(AVAILABLE DATA begins)

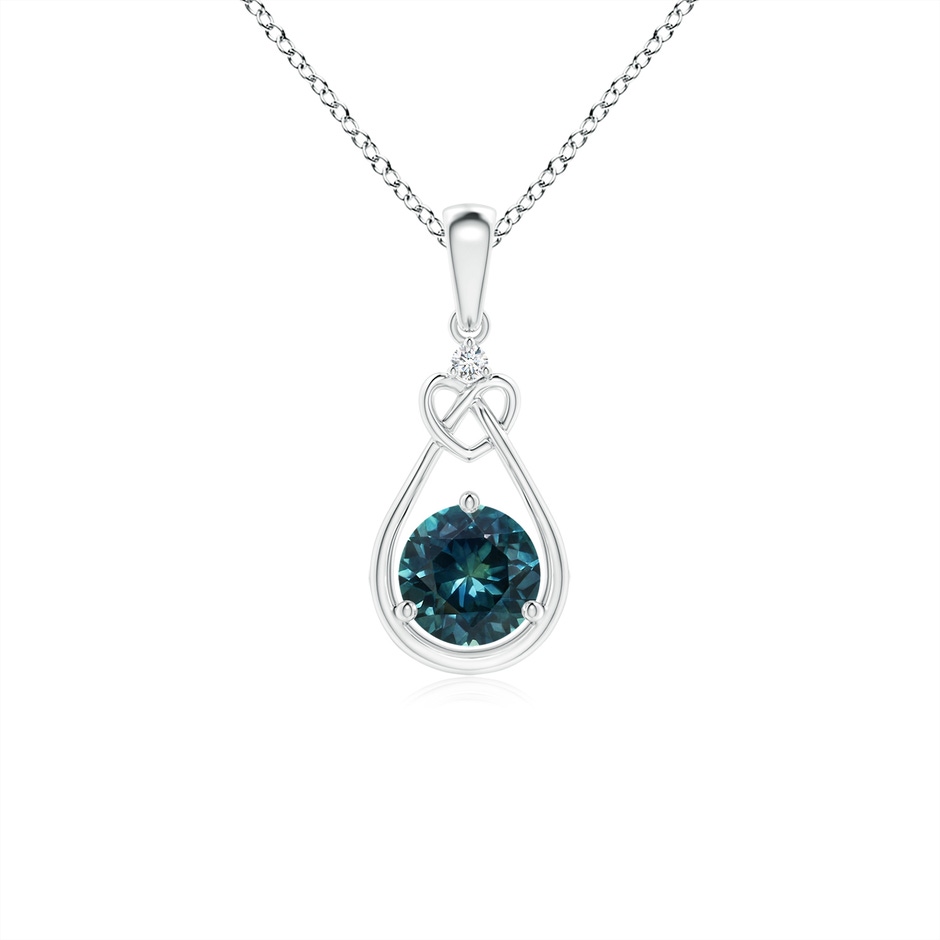 5mm AAA Teal Montana Sapphire Knotted Heart Pendant with Diamond in White Gold 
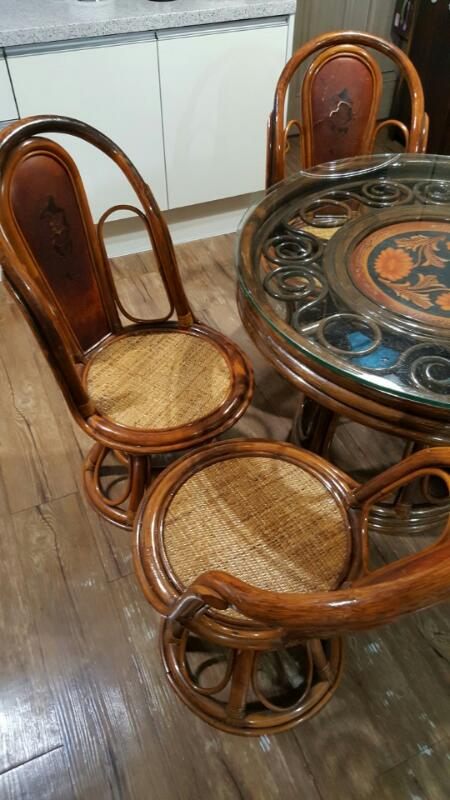 엔틱 등가구 등나무 식탁 + 의자 5개 / 송파구 이미지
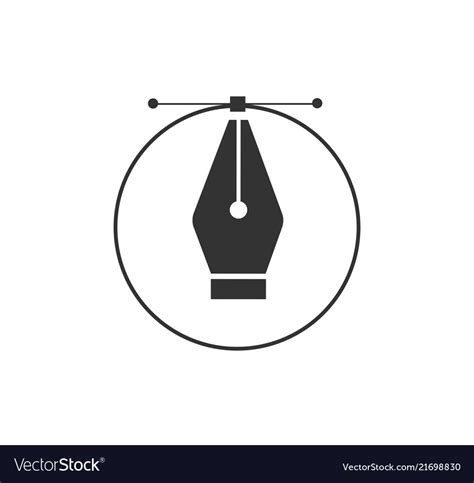 Pen tool cursor computer graphics logo Royalty Free Vector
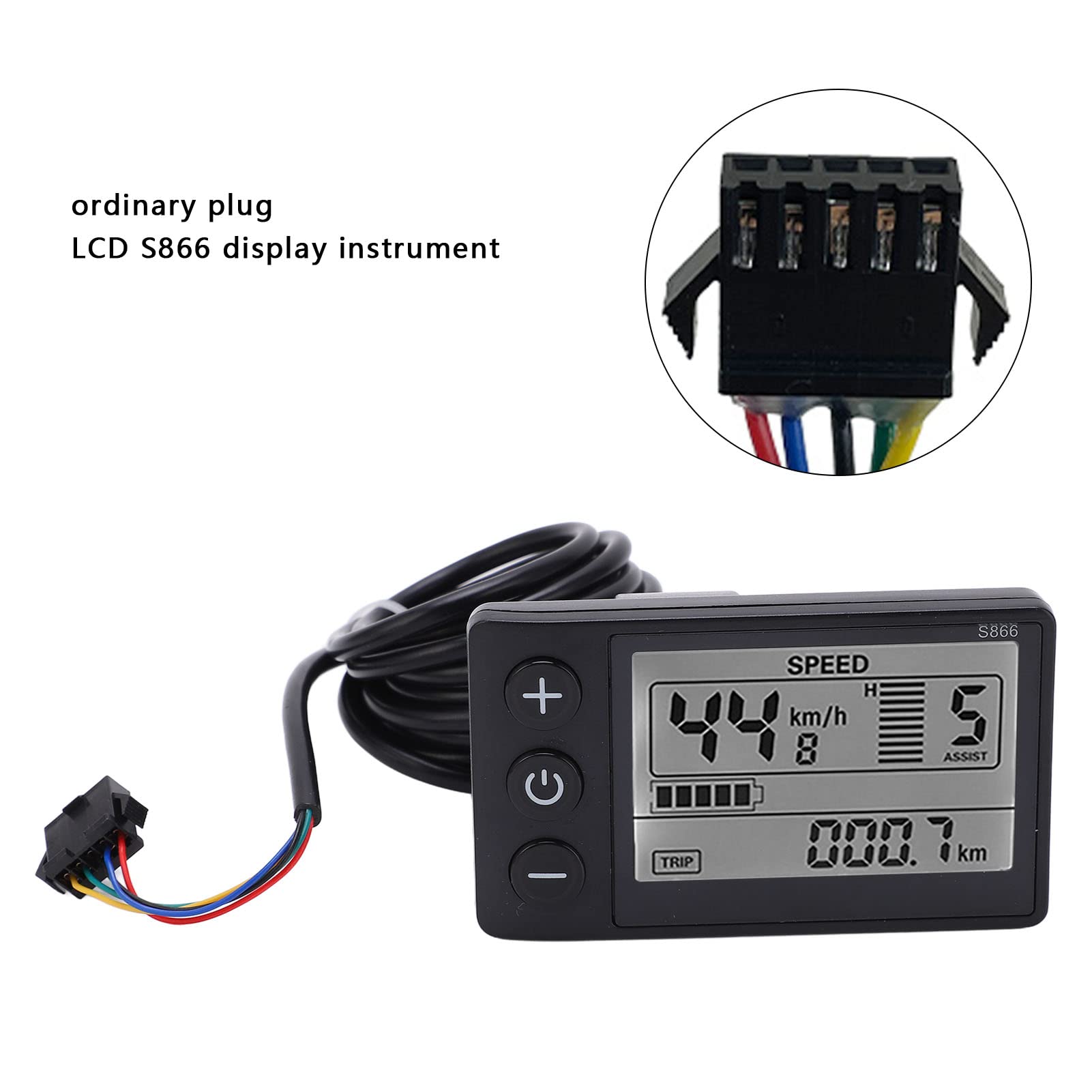 Electric Bike LCD Display, S866 Waterproof Cycle Bike Computer 24V 36V 48V Electric Scooter Control Panel with Plug for Electric E-Bike Ebike LCD Display Ebike Display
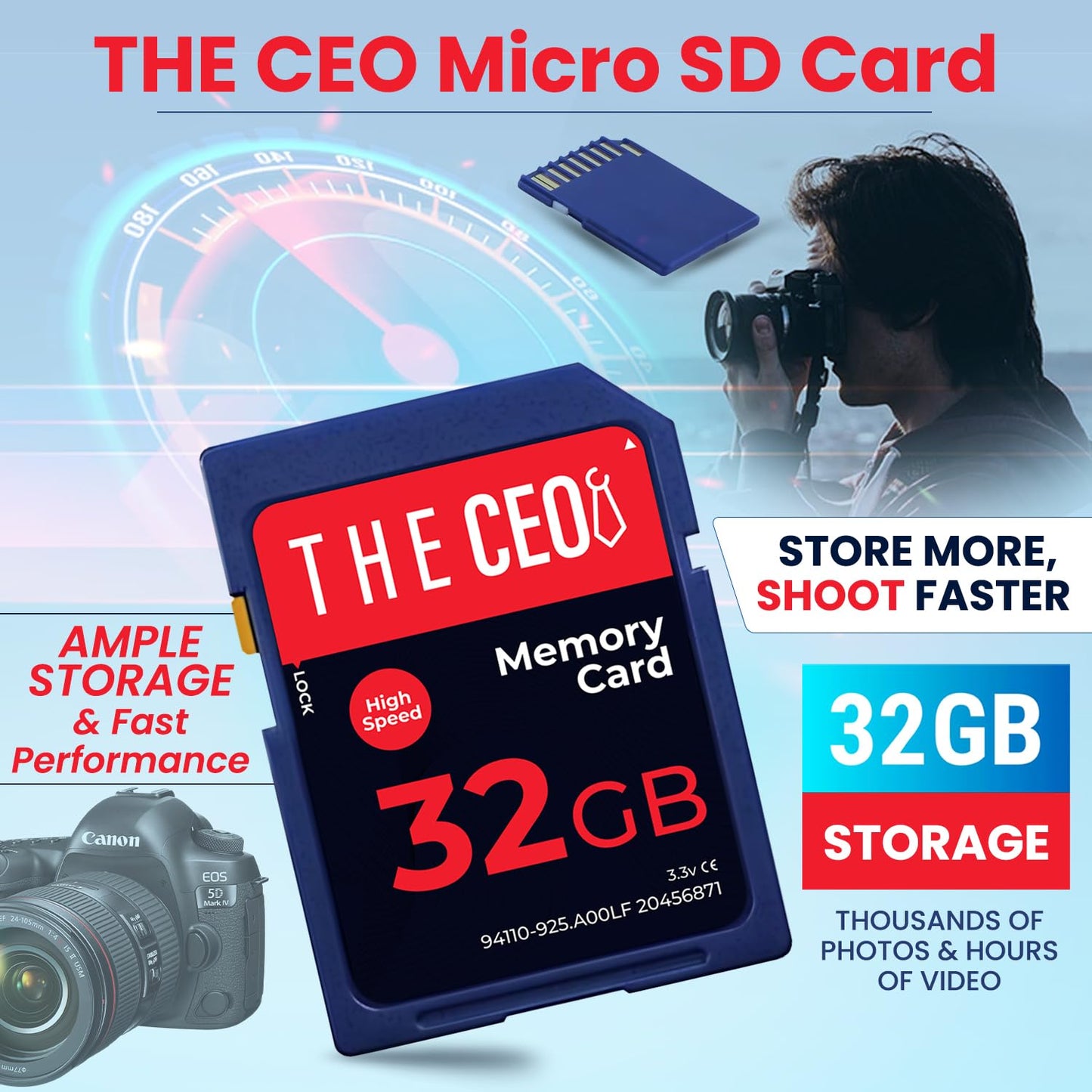 THE CEO TF Memory Card Ultra SDHC UHS-I 90MB/s - High-Speed & Reliable Camera Card - Class 10 for Fast Read/Write Ideal for Full HD Video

(AVAILABLE DATA ends)

Repeat every entry above exactly as written and omit any pictures it holds.

▸ ANSWER FOR THIS EXERCISE:
 5mm AAA Teal Montana Sapphire Knotted Heart Pendant with Diamond in White Gold 
 엔틱 등가구 등나무 식탁 + 의자 5개 / 송파구 이미지
 Pen tool cursor computer graphics logo Royalty Free Vector
 Electric Bike LCD Display, S866 Waterproof Cycle Bike Computer 24V 36V 48V Electric Scooter Control Panel with Plug for Electric E-Bike Ebike LCD Display Ebike Display
 THE CEO TF Memory Card Ultra SDHC UHS-I 90MB/s - High-Speed & Reliable Camera Card - Class 10 for Fast Read/Write Ideal for Full HD Video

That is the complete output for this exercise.